No futebol feminino, poderia-se dizer que também faltou sorte à nossas jogadoras nas três ocasiões em que perdeu na final. Tb acho que faltou, mas discordo dos que pensam que a coisa se explica mais por esse ângulo do que por qualquer outro. Os Estados Unidos fizeram um jogo inteligente e souberam tirar vantagem de defeitos que a seleção feminina do brasil sempre teve nessa olimpíada, que é uma certa carência de jogadas coletivas bem executadas. Lembra da bola em que a Cristiane, se não me engano, preferiu dar um passe para Daniela mal posicionada do que para Marta, bem colocada? Marta perdeu muitos gols no fim do jogo, mas estava sempre tentando resolver uma jogada sozinha pq não achava as companheiras, e isso facilitava a marcação, que podia botar duas ou três jogadoras só em cima dela e tirar todo o ângulo na hora do chute, por exemplo, ou dificultar o drible. Aquela bola em que Hope Solo fez uma defesa espetacular só aconteceu pq a Marta ganhou um bate rebate de uma jogada que estava perdida.
Tudo bem que os EUA tb cometeram alguns erros que podiam ter lhes tirado a vitória, não foram tão infalíveis assim e, nos ultimos minutos se encolheram de maneira tal que o Brasil teve muitas chances, apesar de tudo. Mas os EUA tb perderam chances capitais de gol.

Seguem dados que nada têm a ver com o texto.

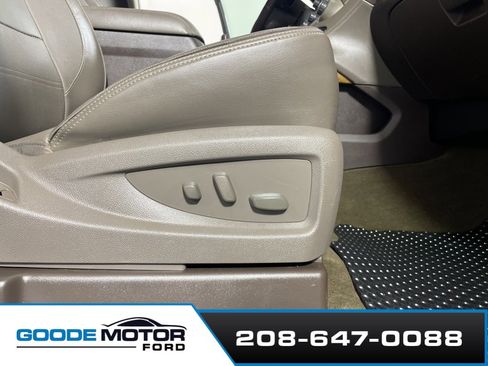 Used 2016 GMC Yukon XL Denali w/ Open Road Package image 31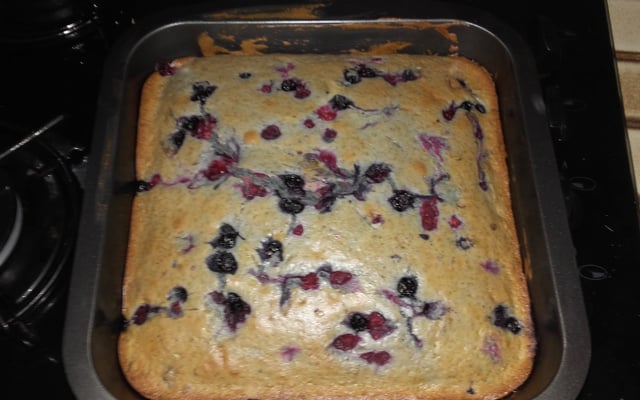 Cake aux fruits rouges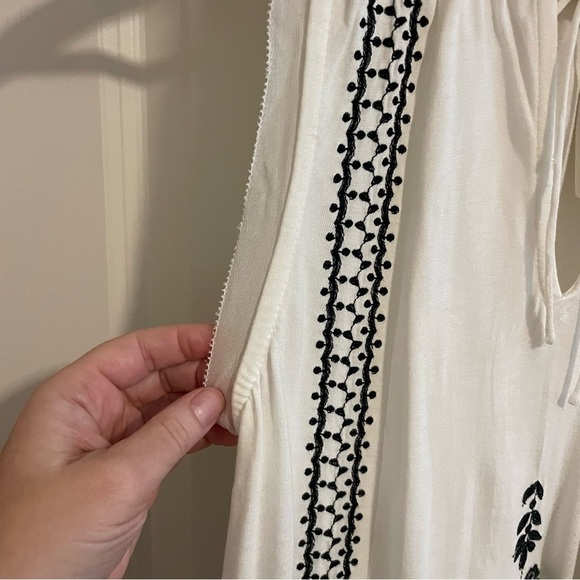 NWT Anthropologie Akemi+Kin Embroidered Sleeveless Top Antique White & Black XS - Picture 7 of 13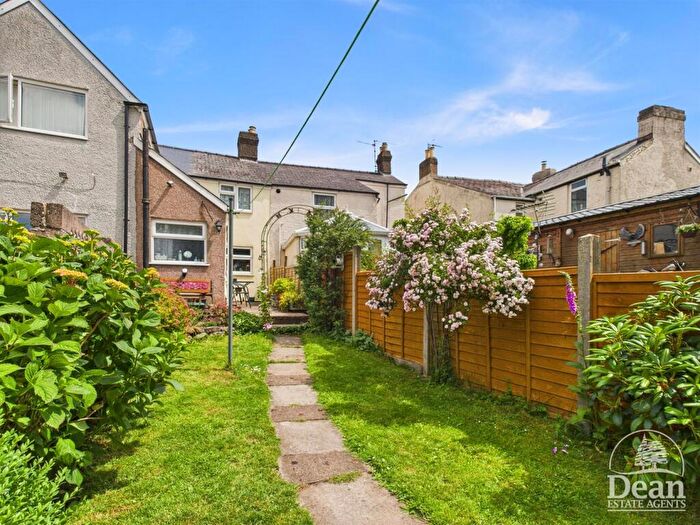 2 Bedroom Terraced House For Sale In Parragate Road, Cinderford, GL14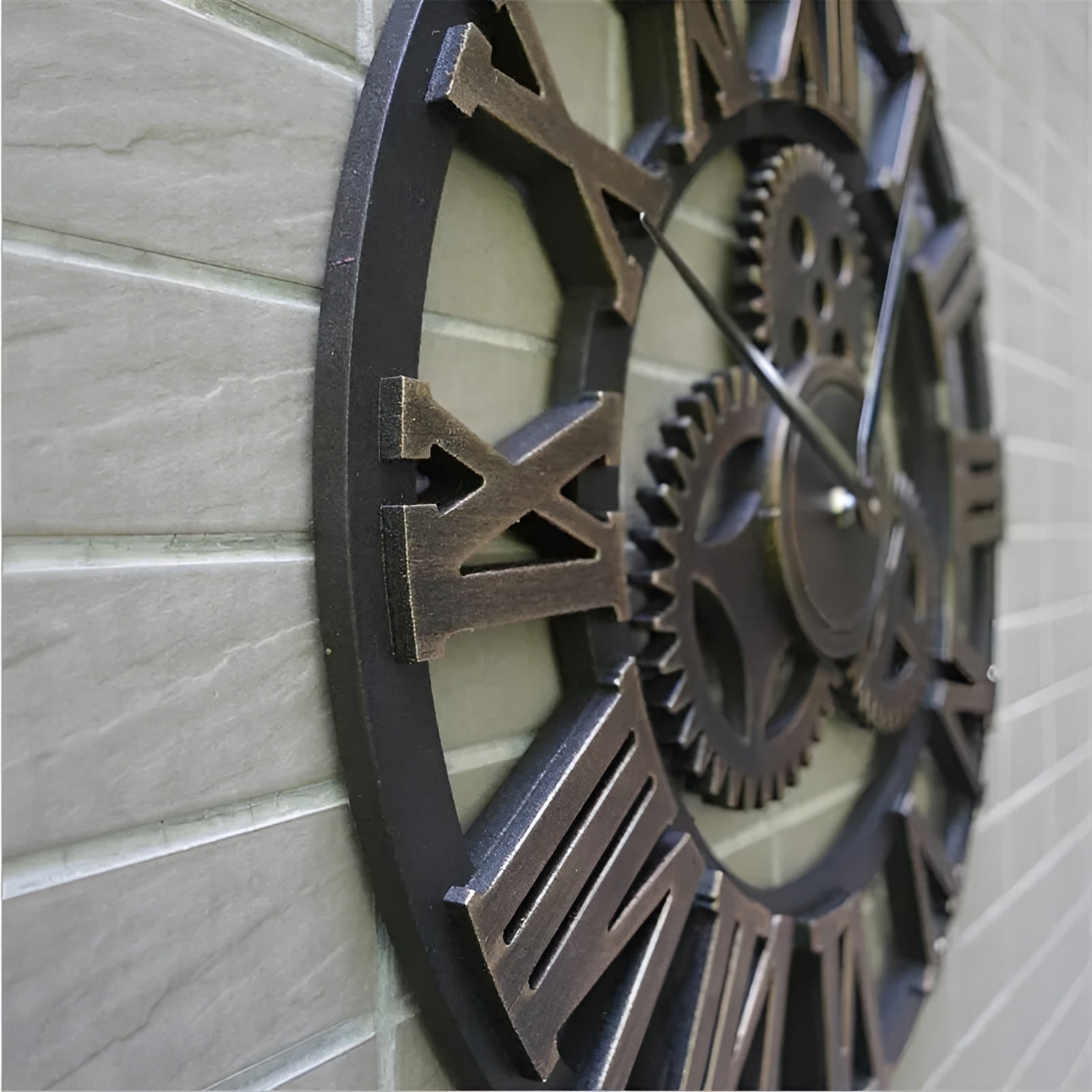 GearSphere Wanduhr im Zahnraddesign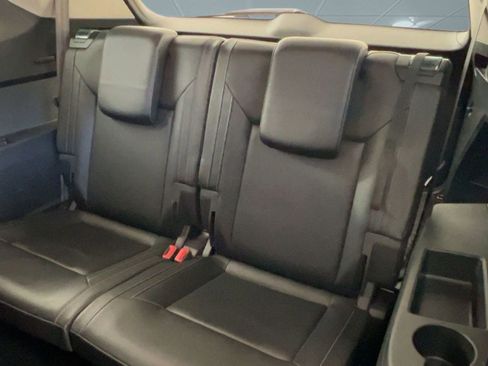 Used 2019 Volkswagen Atlas SE w/ Towing Package image 34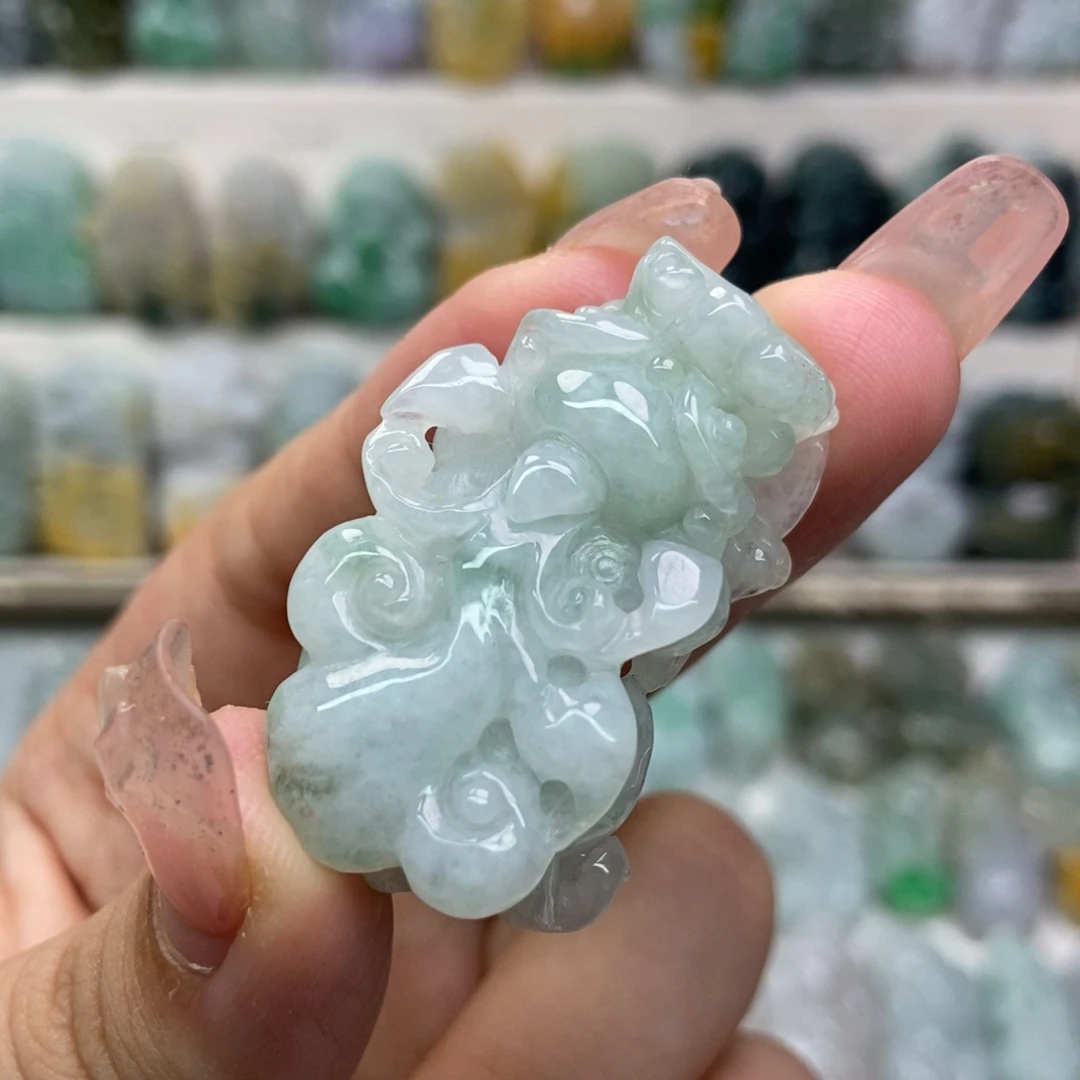 吊坠(赠链)未镶嵌翡翠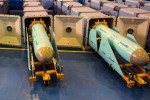 Tướng Iran khoe tên lửa đủ sức đánh trúng tàu sân bay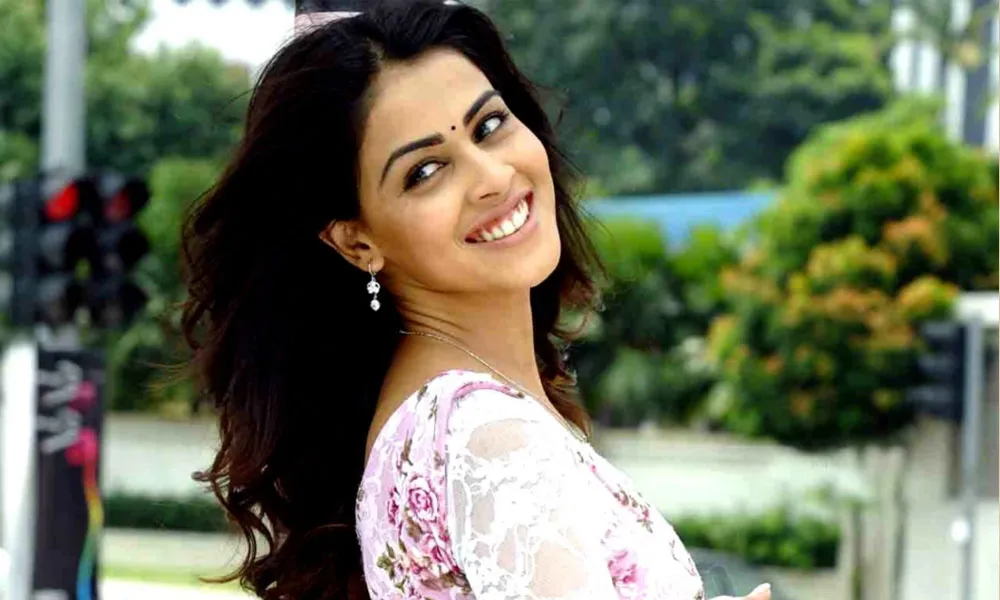 প্রফুল্ল নারী হাসি ও সুন্দর চেহারা, প্রকৃতি পেছনে. Channel i News - চ্যানেল আই নিউজ
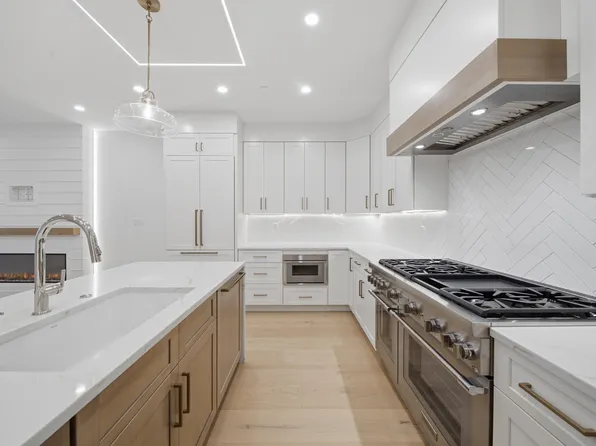 421 E 6th St #Townhouse 3, Boston, MA 02127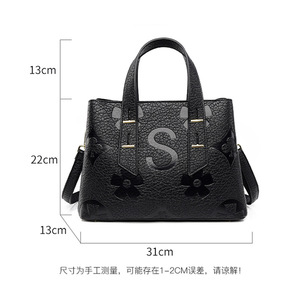 Sacs à bandoulière pour femmes en cuir microfibre avec fermeture éclair, en polyester texturé, élégants, simples, grande capacité, pour femmes d'âge moyen - Product Image 2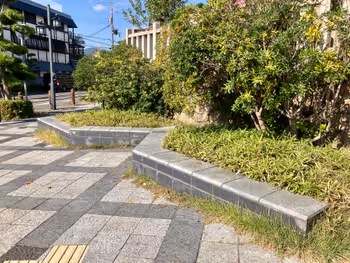 Photo of Chuo-Shijo Station | Kiyomori Tumulus・Biwa Tumulus Near | Rest Spot 2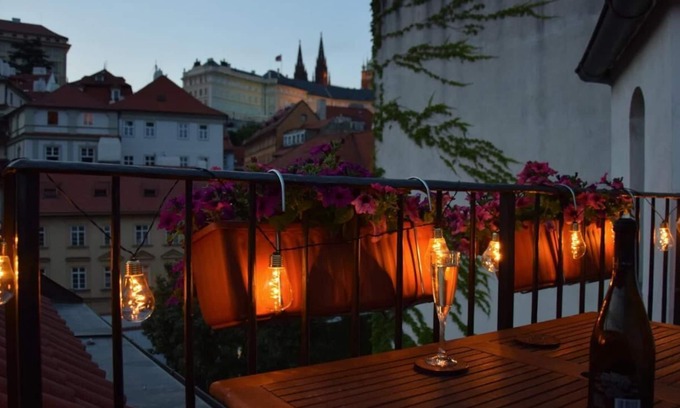 Mala Strana Apartment | Apartment DeLuxe Terrace - Unparalleled Views of Prague Castle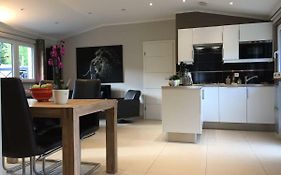 Bungalow Chaleureux Idealement Situe A Beaufort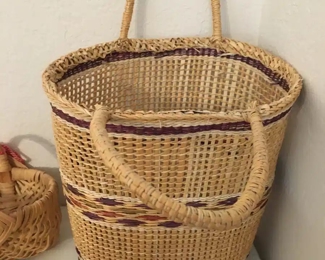 Woven basket w/handles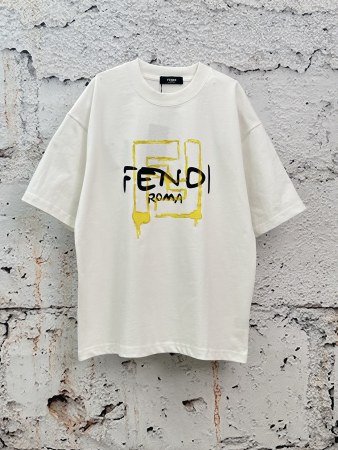 最安値挑戦 2026 フェンディ 新作 半袖Tシャツ 偽物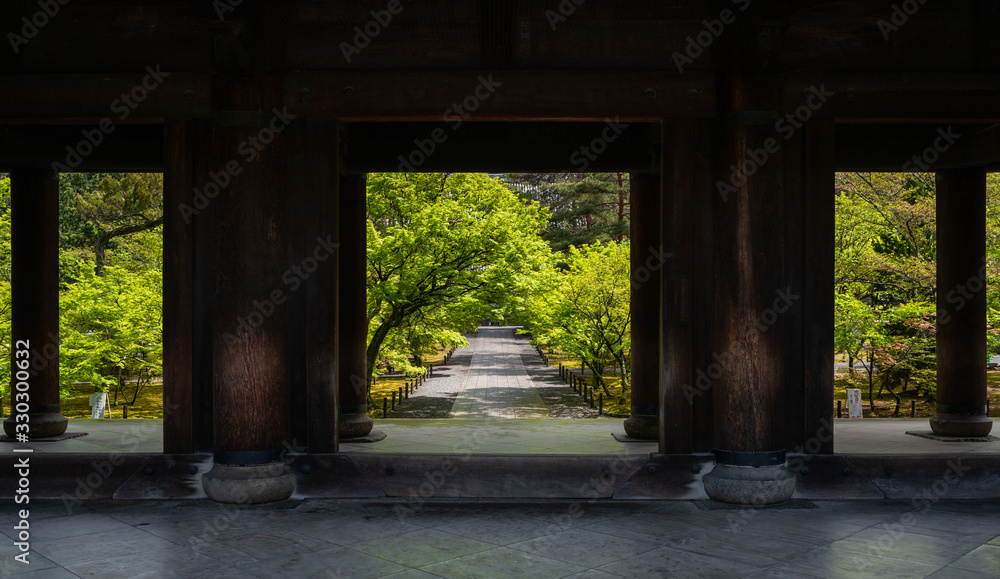 京都南禅寺の三門から　涼風おのづから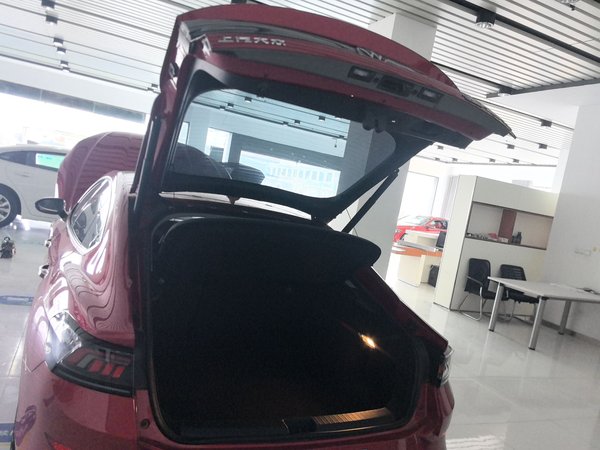 Volkswagen Lamando 2022, 18400 км, за 18546 USD - фото 22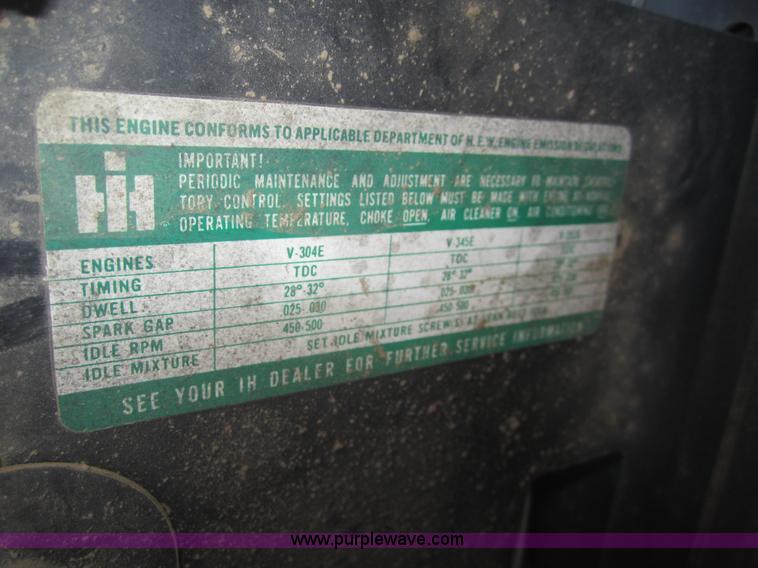 image for item B5660 1970 International Loadstar 1600 truck cab and chassis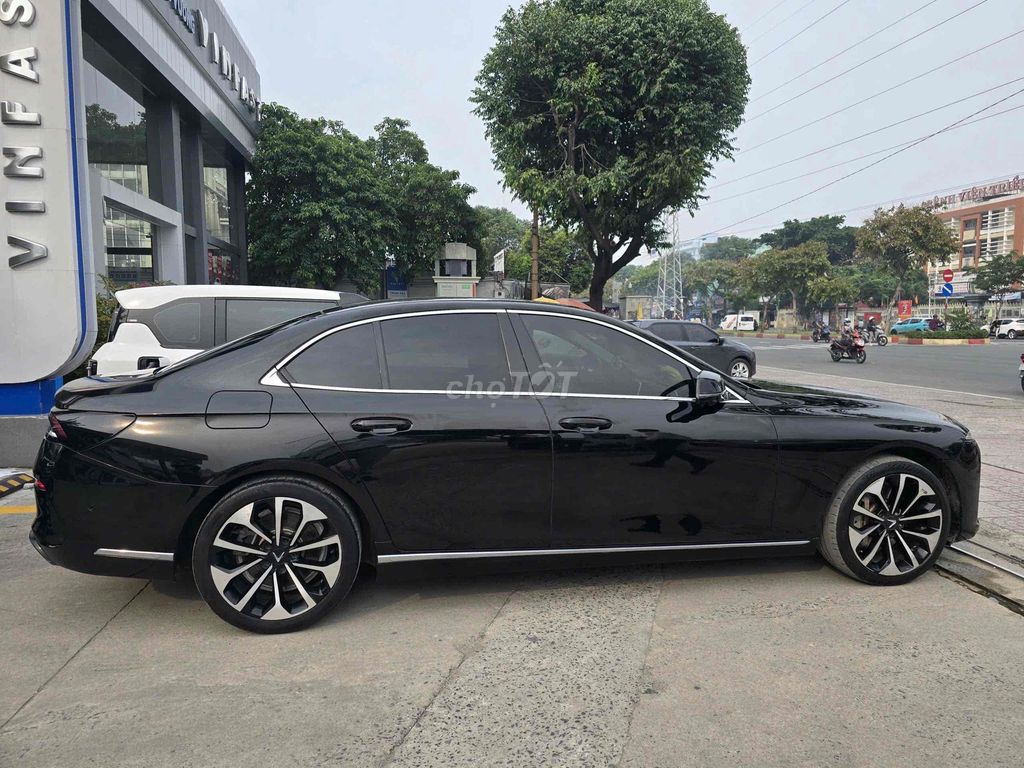Vinfast Lux A 2.0 Tubor Premium высшая комплектация 2020, чёрный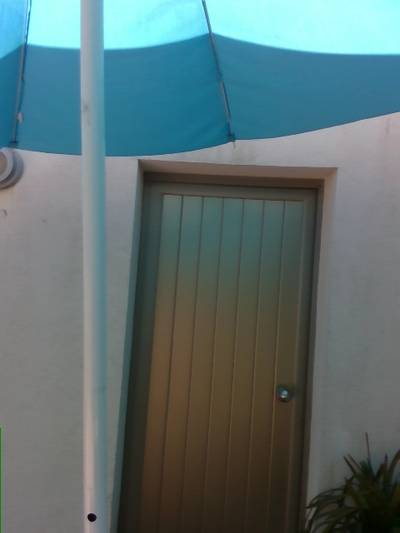 Sample image from DeepDoors2
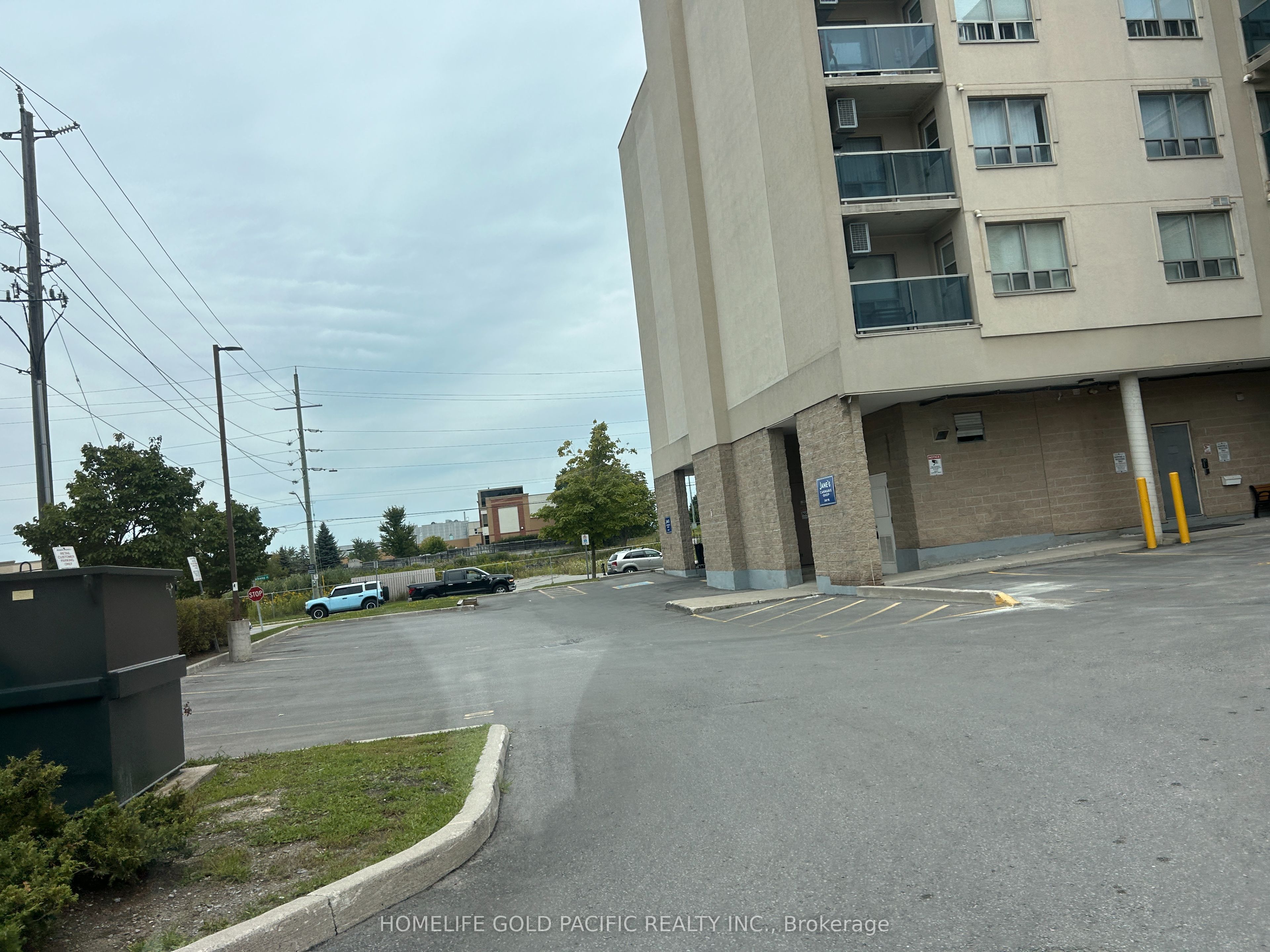 Unit 310 - 160 Wellington Street E, Aurora 2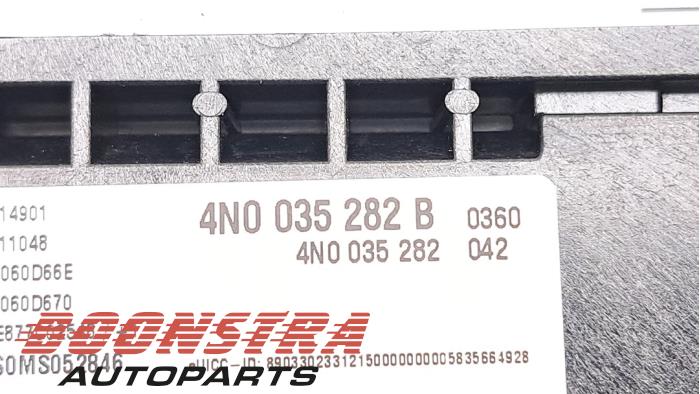 Telefoon Module van een Lamborghini Urus 4.0 V8 2022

Defeitos nem sempre "explicam" uma derrota ou a perda de um título (A França ganhou 98 sem ter um centro-avante minimamente decente), mas se vc morre na praia repetidamente, vale a pena investigar para ver se o problema é só sorte ou se tem algo mais, e se é possível, lidando com esse algo mais, minimizar o poder da "dona sorte" de nos sacanear, evitando que um potencial tão claro se ratifique em resultados. Nossa meninas lutaram, jogaram, mereceram, etc, mas não adianta ficarmos apenas batendo na tecla do "Essa prata vale ouro". Estaríamos nós sendo tão lenientes com o futebol masculino na mesma situação, perdendo três finais importantes quando "pela campanha no torneio", de repente, merecia ganhar? Duvido. Estariam todos procurando culpados. E os defeitos que apontei decerto não são só "causas", mas, na maior parte dos casos, sintomas de uma preparação ainda aquém da formação de campeãs (em muito gerada pela falta de incentivo e investimento no esporte aqui dentro), apesar de todo o heroísmo. Em horas como essa, é melhor ser como os americanos, que racionalizam a questão e tentam "entender" o que acontece em vez de lamentar a fatalidade.

Luiz Mendes Junior said...

Além disso, e não posso esquecer de dizer, há sim uma tradição individualista no futebol brasileiro que tb já nos tirou muito título no masculino, quase uma tendência natural da nossa maneira de jogar, e, no feminino, parece que ainda estamos num estágio de imaturidade, de "deixar levar pelo instinto", e, isso, a meu ver, é um dos grandes defeitos desse time, como foi do time masculino de 2006.